Exercise aim:
For the data below, give again exactly the lines from the one containing "Carlos Lomelí, candidato" through the one containing "Hotel Mega Dana", both ends included, and no others.

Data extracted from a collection

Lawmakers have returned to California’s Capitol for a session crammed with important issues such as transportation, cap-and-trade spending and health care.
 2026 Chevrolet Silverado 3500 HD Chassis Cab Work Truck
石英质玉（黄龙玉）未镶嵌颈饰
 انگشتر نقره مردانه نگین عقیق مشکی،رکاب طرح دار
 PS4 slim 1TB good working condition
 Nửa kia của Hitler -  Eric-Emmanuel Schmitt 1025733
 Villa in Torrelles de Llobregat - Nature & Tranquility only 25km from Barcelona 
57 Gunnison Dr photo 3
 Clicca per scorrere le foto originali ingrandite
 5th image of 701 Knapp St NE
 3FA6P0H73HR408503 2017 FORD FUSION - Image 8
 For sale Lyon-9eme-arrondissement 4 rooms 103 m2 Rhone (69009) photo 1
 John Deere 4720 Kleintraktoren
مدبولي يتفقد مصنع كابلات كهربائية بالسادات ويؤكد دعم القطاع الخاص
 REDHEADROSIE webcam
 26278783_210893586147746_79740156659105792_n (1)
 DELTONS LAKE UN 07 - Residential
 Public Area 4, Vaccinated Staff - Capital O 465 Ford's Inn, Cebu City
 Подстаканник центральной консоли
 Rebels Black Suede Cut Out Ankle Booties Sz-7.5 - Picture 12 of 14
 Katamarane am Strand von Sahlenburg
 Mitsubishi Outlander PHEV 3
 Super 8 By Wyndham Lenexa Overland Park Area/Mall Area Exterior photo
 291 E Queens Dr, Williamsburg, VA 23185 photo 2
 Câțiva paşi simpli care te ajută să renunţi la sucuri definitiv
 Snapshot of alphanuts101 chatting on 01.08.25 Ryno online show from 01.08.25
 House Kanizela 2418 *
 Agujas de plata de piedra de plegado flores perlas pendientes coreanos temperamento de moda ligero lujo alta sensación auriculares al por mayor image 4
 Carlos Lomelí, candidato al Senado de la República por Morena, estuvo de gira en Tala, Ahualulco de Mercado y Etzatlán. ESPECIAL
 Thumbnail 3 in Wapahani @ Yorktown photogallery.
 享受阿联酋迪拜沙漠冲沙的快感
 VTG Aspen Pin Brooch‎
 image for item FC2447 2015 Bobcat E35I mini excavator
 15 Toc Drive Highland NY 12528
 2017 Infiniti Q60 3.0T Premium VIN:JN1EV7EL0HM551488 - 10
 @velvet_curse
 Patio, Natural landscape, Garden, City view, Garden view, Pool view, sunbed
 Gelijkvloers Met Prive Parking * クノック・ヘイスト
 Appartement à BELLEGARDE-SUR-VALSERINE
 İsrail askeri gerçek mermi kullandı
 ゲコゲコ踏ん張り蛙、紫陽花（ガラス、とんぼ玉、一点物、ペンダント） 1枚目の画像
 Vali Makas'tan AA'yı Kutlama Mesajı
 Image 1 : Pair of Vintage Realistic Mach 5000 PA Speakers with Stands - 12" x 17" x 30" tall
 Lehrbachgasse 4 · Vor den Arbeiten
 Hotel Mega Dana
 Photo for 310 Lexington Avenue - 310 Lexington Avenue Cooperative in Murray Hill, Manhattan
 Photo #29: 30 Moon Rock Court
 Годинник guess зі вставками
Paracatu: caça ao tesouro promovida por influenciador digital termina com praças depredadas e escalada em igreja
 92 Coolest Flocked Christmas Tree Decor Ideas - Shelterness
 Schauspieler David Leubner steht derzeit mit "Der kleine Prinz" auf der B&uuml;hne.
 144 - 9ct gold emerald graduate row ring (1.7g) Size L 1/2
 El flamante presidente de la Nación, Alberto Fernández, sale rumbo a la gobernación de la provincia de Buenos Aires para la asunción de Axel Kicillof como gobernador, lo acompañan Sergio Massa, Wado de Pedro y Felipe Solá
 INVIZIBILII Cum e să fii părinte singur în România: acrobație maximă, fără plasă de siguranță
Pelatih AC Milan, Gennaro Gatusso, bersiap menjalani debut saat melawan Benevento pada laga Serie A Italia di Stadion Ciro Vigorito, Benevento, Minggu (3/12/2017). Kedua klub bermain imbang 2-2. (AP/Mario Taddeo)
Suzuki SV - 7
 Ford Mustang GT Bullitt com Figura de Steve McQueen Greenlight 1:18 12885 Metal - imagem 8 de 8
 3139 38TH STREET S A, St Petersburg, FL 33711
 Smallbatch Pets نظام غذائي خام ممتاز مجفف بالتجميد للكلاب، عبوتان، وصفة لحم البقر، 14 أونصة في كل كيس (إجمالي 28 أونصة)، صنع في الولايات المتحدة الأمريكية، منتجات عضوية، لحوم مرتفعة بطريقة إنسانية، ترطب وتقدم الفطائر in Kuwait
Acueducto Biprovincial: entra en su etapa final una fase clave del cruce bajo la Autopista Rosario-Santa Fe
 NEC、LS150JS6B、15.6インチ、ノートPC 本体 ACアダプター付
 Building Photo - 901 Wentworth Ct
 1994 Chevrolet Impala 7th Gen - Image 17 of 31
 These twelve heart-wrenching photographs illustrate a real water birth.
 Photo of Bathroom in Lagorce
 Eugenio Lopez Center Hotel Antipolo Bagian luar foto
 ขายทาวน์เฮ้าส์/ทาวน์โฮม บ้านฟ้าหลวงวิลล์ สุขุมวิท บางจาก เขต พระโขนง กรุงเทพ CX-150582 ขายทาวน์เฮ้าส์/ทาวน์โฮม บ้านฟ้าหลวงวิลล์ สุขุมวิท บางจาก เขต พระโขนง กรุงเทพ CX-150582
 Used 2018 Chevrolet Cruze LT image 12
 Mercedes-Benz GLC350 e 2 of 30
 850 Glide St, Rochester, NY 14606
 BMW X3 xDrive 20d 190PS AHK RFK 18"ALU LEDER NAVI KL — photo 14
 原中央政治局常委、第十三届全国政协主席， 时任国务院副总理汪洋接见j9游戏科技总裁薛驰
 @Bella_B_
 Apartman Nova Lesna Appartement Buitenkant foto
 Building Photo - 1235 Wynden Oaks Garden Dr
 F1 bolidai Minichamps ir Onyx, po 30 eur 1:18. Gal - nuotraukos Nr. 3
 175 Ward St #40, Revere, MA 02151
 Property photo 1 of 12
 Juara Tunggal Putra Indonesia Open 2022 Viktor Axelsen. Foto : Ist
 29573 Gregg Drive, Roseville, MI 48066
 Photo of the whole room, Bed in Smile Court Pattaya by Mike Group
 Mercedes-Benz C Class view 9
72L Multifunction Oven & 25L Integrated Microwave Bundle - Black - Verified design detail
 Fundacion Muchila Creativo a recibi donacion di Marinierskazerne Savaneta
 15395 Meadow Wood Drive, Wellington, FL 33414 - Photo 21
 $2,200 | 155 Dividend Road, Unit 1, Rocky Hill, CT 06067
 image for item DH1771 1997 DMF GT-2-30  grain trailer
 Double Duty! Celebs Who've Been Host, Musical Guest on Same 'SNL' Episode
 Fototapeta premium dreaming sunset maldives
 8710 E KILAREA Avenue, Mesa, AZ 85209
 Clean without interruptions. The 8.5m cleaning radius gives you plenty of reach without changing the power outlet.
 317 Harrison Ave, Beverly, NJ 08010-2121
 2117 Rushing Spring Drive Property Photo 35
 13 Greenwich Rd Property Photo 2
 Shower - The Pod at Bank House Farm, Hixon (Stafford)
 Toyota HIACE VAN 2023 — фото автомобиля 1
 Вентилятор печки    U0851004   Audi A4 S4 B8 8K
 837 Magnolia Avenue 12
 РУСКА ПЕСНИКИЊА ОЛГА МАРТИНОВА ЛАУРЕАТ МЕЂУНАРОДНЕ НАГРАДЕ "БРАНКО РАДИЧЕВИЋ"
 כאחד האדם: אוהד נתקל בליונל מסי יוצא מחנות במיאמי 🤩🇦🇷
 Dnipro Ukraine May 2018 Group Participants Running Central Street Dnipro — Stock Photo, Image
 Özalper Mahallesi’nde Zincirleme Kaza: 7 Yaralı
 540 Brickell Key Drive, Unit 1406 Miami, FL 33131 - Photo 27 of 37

Answer section:
 Carlos Lomelí, candidato al Senado de la República por Morena, estuvo de gira en Tala, Ahualulco de Mercado y Etzatlán. ESPECIAL
 Thumbnail 3 in Wapahani @ Yorktown photogallery.
 享受阿联酋迪拜沙漠冲沙的快感
 VTG Aspen Pin Brooch‎
 image for item FC2447 2015 Bobcat E35I mini excavator
 15 Toc Drive Highland NY 12528
 2017 Infiniti Q60 3.0T Premium VIN:JN1EV7EL0HM551488 - 10
 @velvet_curse
 Patio, Natural landscape, Garden, City view, Garden view, Pool view, sunbed
 Gelijkvloers Met Prive Parking * クノック・ヘイスト
 Appartement à BELLEGARDE-SUR-VALSERINE
 İsrail askeri gerçek mermi kullandı
 ゲコゲコ踏ん張り蛙、紫陽花（ガラス、とんぼ玉、一点物、ペンダント） 1枚目の画像
 Vali Makas'tan AA'yı Kutlama Mesajı
 Image 1 : Pair of Vintage Realistic Mach 5000 PA Speakers with Stands - 12" x 17" x 30" tall
 Lehrbachgasse 4 · Vor den Arbeiten
 Hotel Mega Dana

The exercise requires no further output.